Data excerpt:
◇ ◇ ◇ ◇ ◇ ◇ ◇

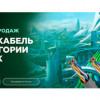 ITK LAN-кабель ITK категории 5е производства Троицкого предприятия IEK GROUP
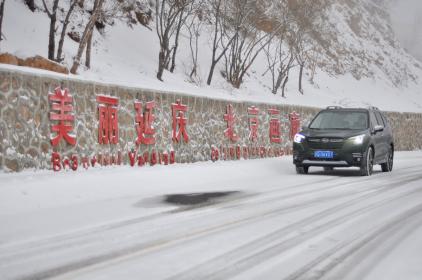 与斯巴鲁森林人相伴 TC君的北京延庆山区寻雪记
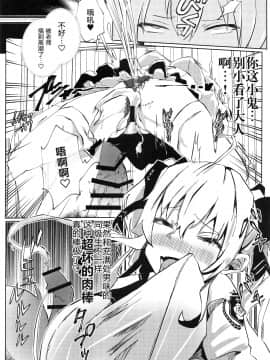 (#にじそうさく4) [珈琲幼女 (芽々ノ圭)] 濃精性活 (鷹宮リオン) [WTM直接汉化]_14_2434_013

◇ ◇ ◇ ◇ ◇ ◇ ◇

Work order: Transcribe the material exactly, keeping every word and none of the pictures.

Reply:
 ITK LAN-кабель ITK категории 5е производства Троицкого предприятия IEK GROUP
 与斯巴鲁森林人相伴 TC君的北京延庆山区寻雪记
 (#にじそうさく4) [珈琲幼女 (芽々ノ圭)] 濃精性活 (鷹宮リオン) [WTM直接汉化]_14_2434_013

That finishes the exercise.